Content starts

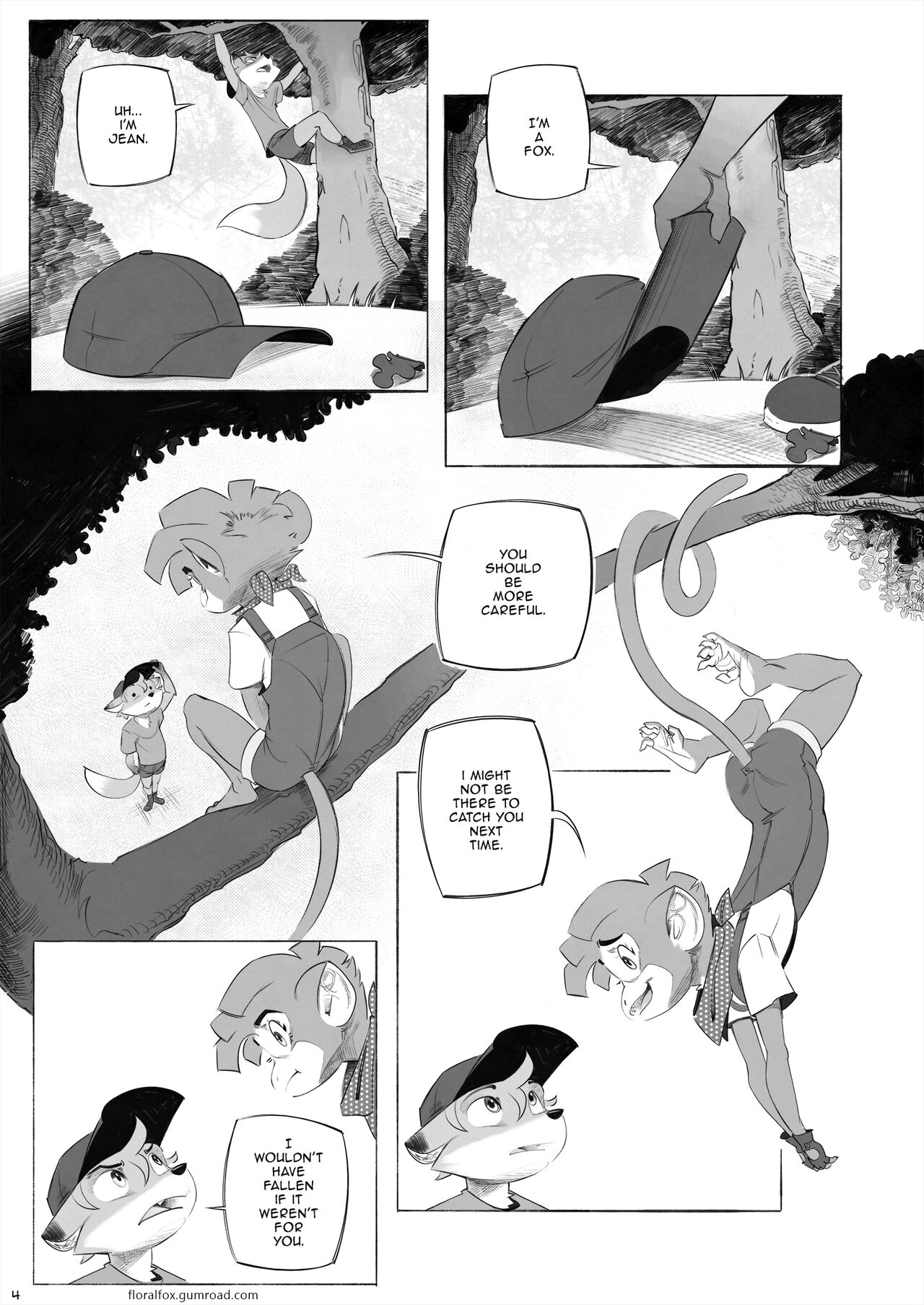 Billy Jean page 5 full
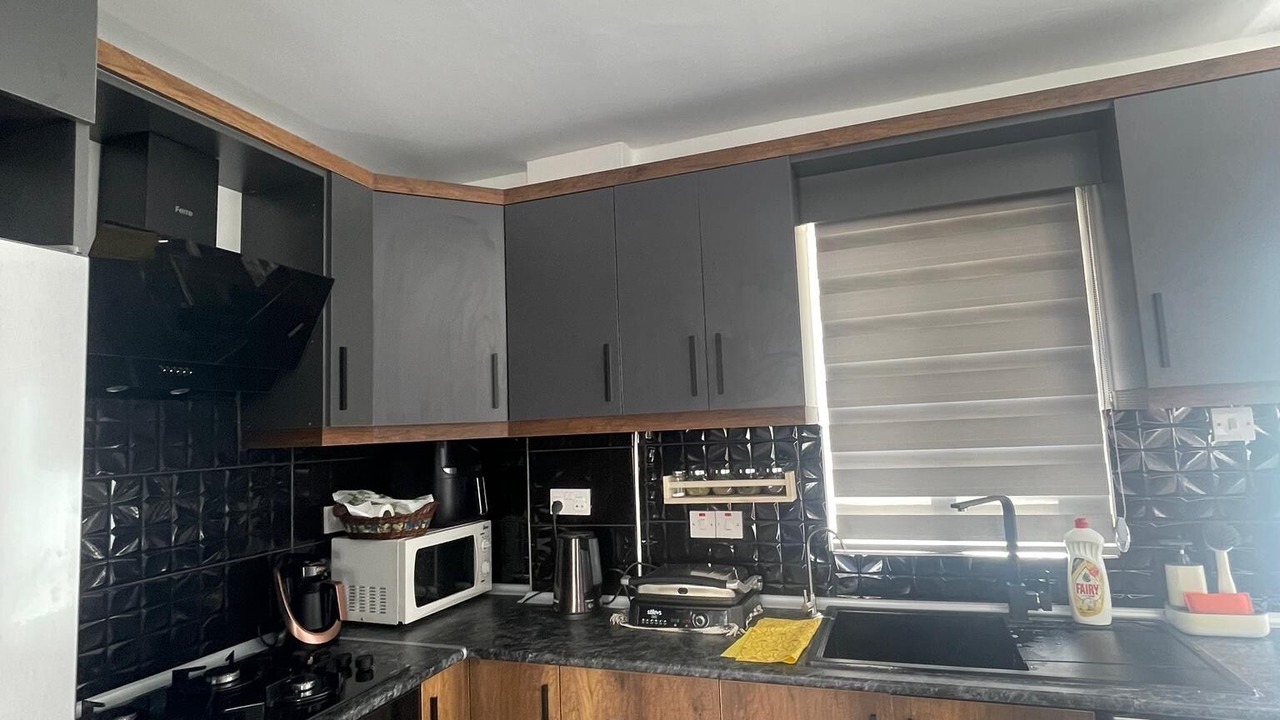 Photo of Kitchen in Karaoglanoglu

Content ends
Content starts

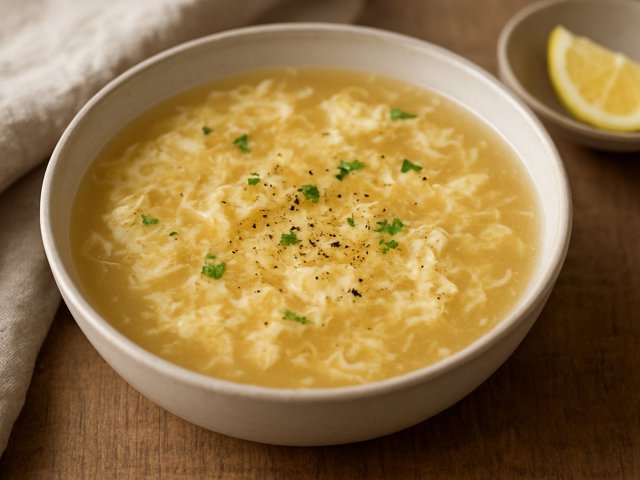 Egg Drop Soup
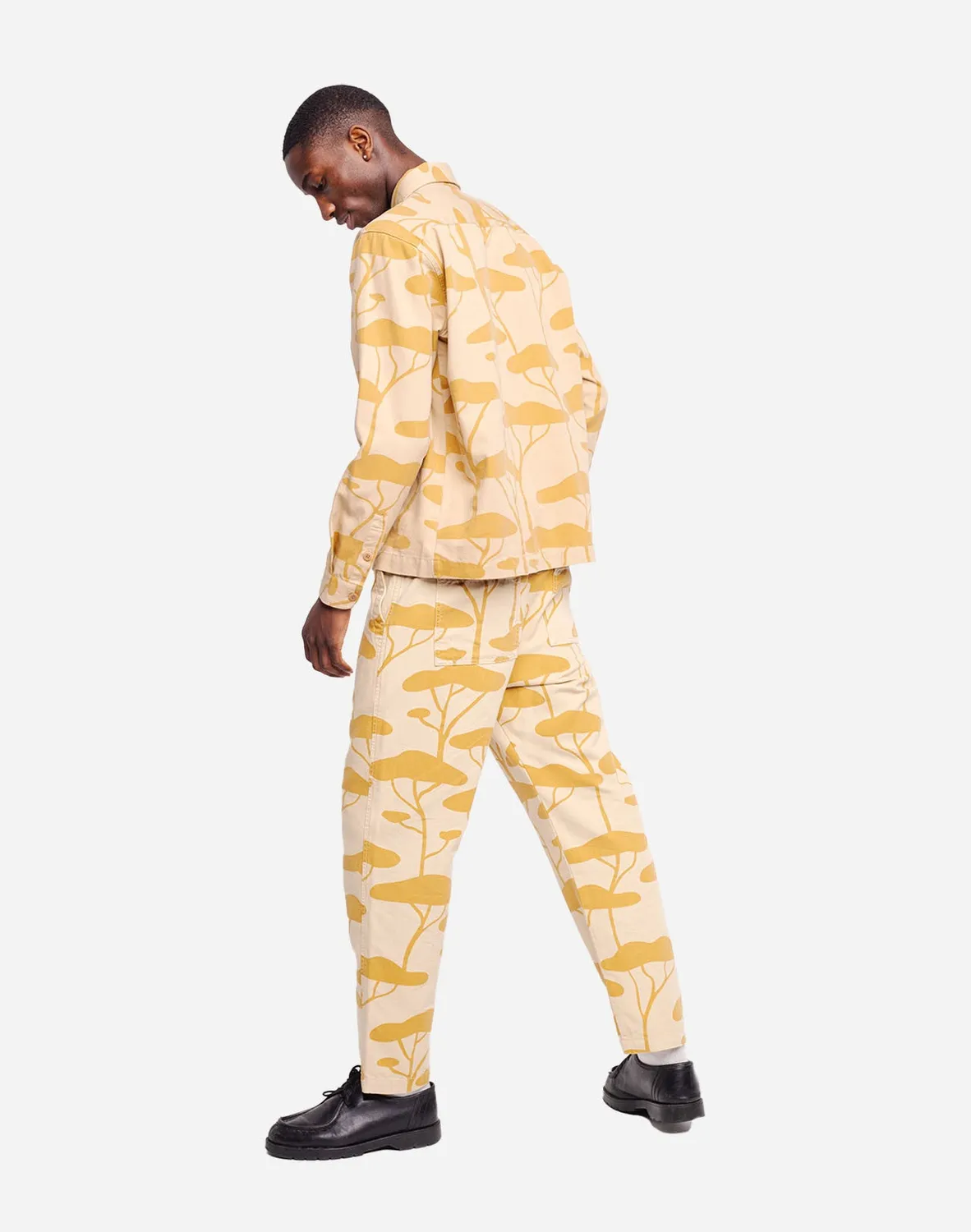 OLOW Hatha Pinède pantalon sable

Content ends
Content starts

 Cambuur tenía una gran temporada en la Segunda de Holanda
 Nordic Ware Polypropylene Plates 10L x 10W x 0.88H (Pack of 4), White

Content ends

Work item
Your answer must be everything above from the line with "Billy Jean page 5 full" down to the line with "Photo of Kitchen in Karaoglanoglu", word for word, and no pictures.

Task output
 Billy Jean page 5 full
 Photo of Kitchen in Karaoglanoglu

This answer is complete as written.